*** DATA FOR THE TASK ***

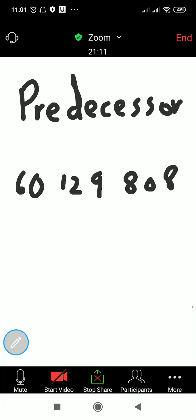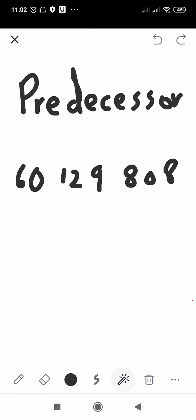Right now we are going to learn how we can write down the predecessor of any number. Predecessor means the previous number — just before a number. For example, what comes before 100? 99. What comes before 99? It's 98. So 98 is the predecessor of 99, and 99 is the predecessor of 100. What comes before 1000? 999. So 999 is the predecessor of 1000. In the predecessor, we write the previous number.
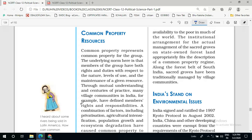Now we are moving to a new subtopic: common property resources. We have discussed about common resources earlier in the context of the whole world. If we see in the context of our country, common property resources are those places which are not in the control of any particular person or individual, but the whole community is the owner. In India, the common property resources which are very popular are known as sacred groves.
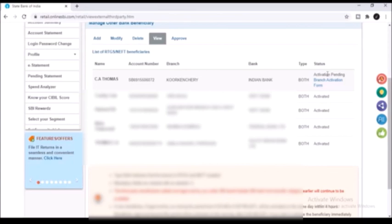So this is how you add or manage your beneficiary in SBI account. Thank you for watching the video and I hope that you found it informative. Do consider subscribing to my channel for more videos.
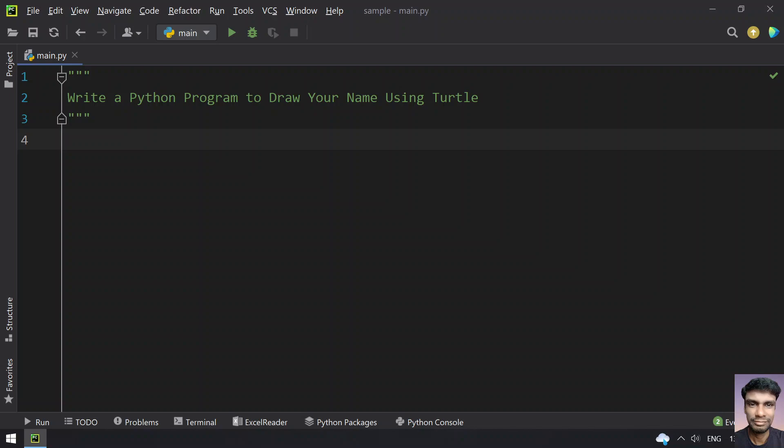Hey guys, welcome to my YouTube channel. In this video, let's learn how to write a Python program to draw your name using turtle. Turtle is a Python module used for graphical representation. We'll ask the user to enter their name and use turtle to display it.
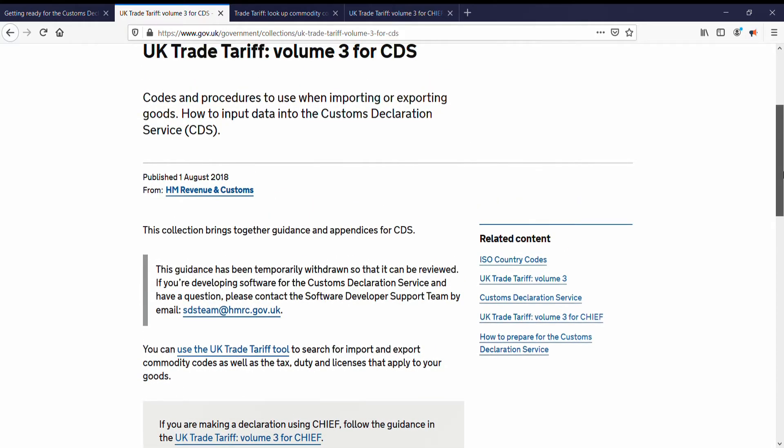But are we going to let that stop us? No. For now, let's jet over to CDS on the Taxation and Customs Union website of the EU. The EU version of CDS is called the Customs Decisions System. Will the EU CDS be exactly the same as the HMRC Customs Declarations Service? Probably not, but it's cool and definitely worth a look.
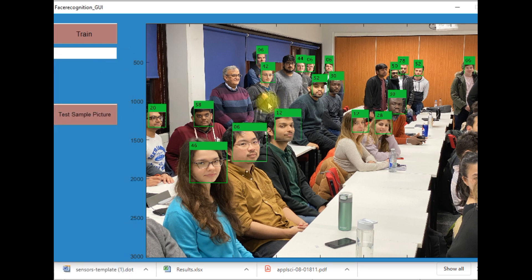We have the code of this project. If anyone needs the code, we will provide a link within the description, or you can contact me through my email address, which I will also provide in the description. Thank you so much.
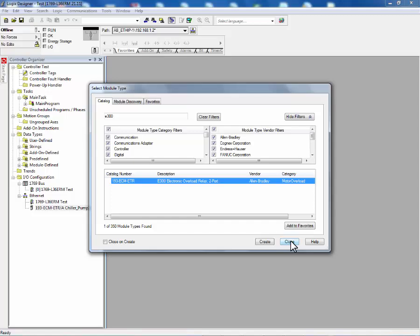Now that we've finished configuring our E300, we can close the select module type interface.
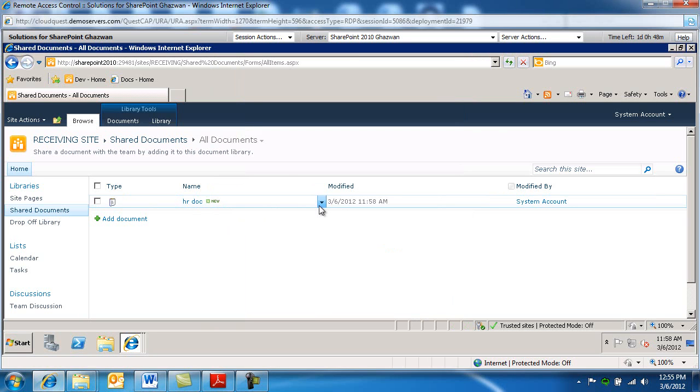But this is the process for how we configure the in-place records management in SharePoint 2010. Thanks for listening in and until next time.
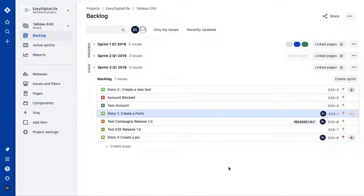Hello everyone, today we're going to see how to use Jira, especially for product owners and beginners. It's really easy — we're going to go step by step through the fundamental sections and functionalities.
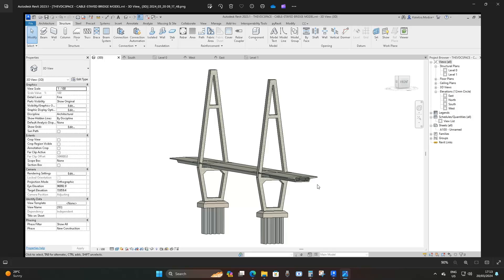Welcome back to the VDC space. Today we're going to be modeling a basic bridge pylon. We're going to use a generic family template to generate our bridge pylon, and then we're going to come up with our own base for the bridge pylon produced from the foundation family template.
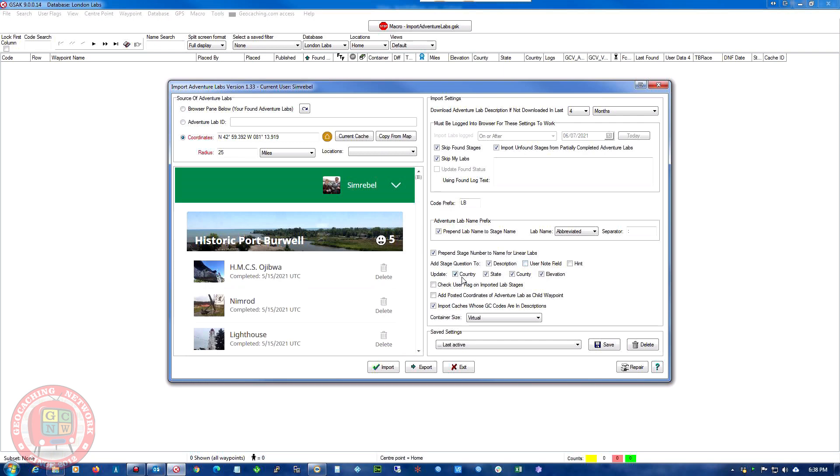Update country, state, county, and elevation. So when it puts it in, it puts all that information in. Check user flag on imported lab stage.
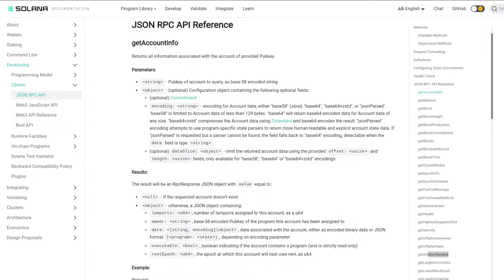Hi everybody, today I'm going to walk through the key interface that lets dApps and crypto wallets actually interact with the Solana blockchain. That interface is the JSON RPC API. Essentially, this API is a JSON-interfaced API that every Solana node has by default. Not every Solana node will expose this API to outside users, but by default every node has the capability built in. This API has a variety of different methods that can be called, and we're just going to go over a few of them.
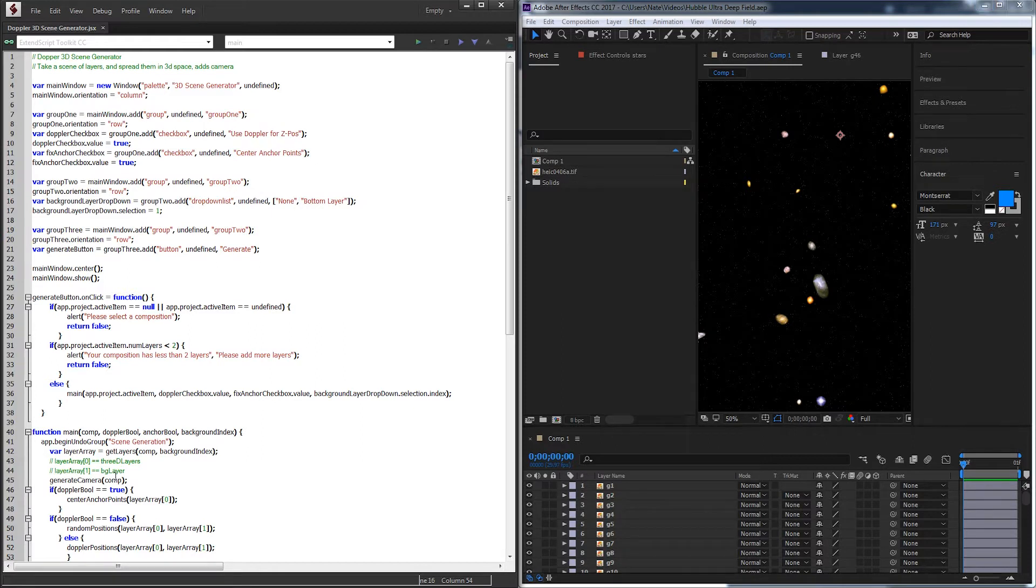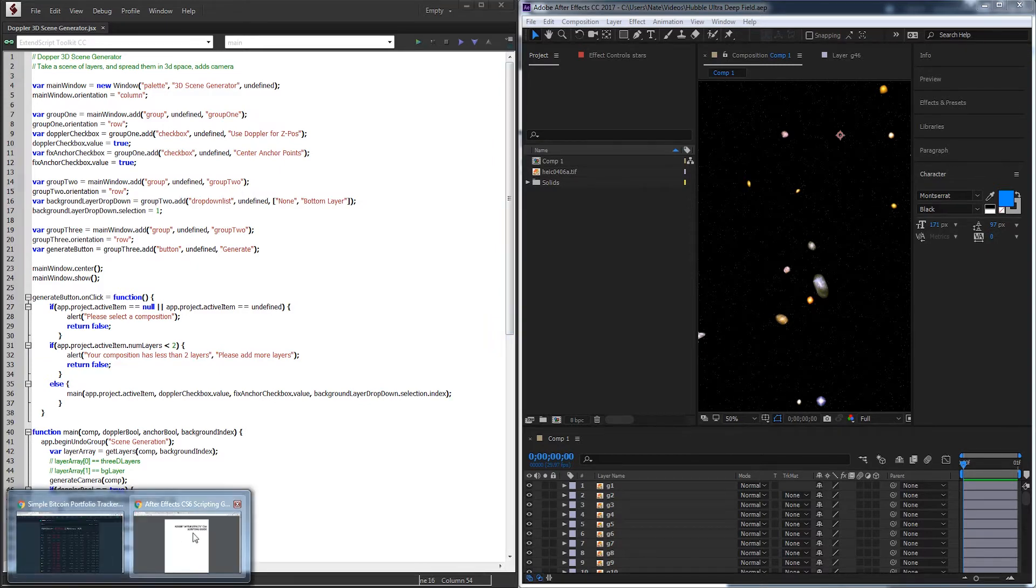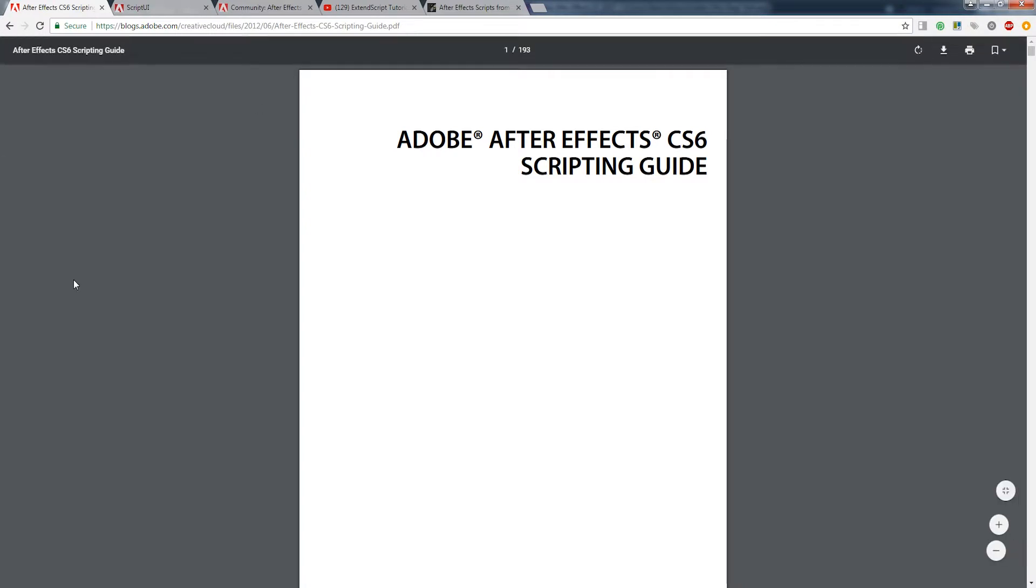As most of you know, After Effects Scripting can be very complicated at times, so sometimes it can seem really hard to get through learning it. I just wanted to go over a few tips and give you guys some tips and tricks of how I learned.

***

Please print every record above exactly, but leave the pictures out.

Right now we are going to learn how we can write down the predecessor of any number. Predecessor means the previous number — just before a number. For example, what comes before 100? 99. What comes before 99? It's 98. So 98 is the predecessor of 99, and 99 is the predecessor of 100. What comes before 1000? 999. So 999 is the predecessor of 1000. In the predecessor, we write the previous number.
Now we are moving to a new subtopic: common property resources. We have discussed about common resources earlier in the context of the whole world. If we see in the context of our country, common property resources are those places which are not in the control of any particular person or individual, but the whole community is the owner. In India, the common property resources which are very popular are known as sacred groves.
So this is how you add or manage your beneficiary in SBI account. Thank you for watching the video and I hope that you found it informative. Do consider subscribing to my channel for more videos.
Hey guys, welcome to my YouTube channel. In this video, let's learn how to write a Python program to draw your name using turtle. Turtle is a Python module used for graphical representation. We'll ask the user to enter their name and use turtle to display it.
But are we going to let that stop us? No. For now, let's jet over to CDS on the Taxation and Customs Union website of the EU. The EU version of CDS is called the Customs Decisions System. Will the EU CDS be exactly the same as the HMRC Customs Declarations Service? Probably not, but it's cool and definitely worth a look.
We have the code of this project. If anyone needs the code, we will provide a link within the description, or you can contact me through my email address, which I will also provide in the description. Thank you so much.
Now that we've finished configuring our E300, we can close the select module type interface.
But this is the process for how we configure the in-place records management in SharePoint 2010. Thanks for listening in and until next time.
Hello everyone, today we're going to see how to use Jira, especially for product owners and beginners. It's really easy — we're going to go step by step through the fundamental sections and functionalities.
Welcome back to the VDC space. Today we're going to be modeling a basic bridge pylon. We're going to use a generic family template to generate our bridge pylon, and then we're going to come up with our own base for the bridge pylon produced from the foundation family template.
Update country, state, county, and elevation. So when it puts it in, it puts all that information in. Check user flag on imported lab stage.
Hi everybody, today I'm going to walk through the key interface that lets dApps and crypto wallets actually interact with the Solana blockchain. That interface is the JSON RPC API. Essentially, this API is a JSON-interfaced API that every Solana node has by default. Not every Solana node will expose this API to outside users, but by default every node has the capability built in. This API has a variety of different methods that can be called, and we're just going to go over a few of them.
As most of you know, After Effects Scripting can be very complicated at times, so sometimes it can seem really hard to get through learning it. I just wanted to go over a few tips and give you guys some tips and tricks of how I learned.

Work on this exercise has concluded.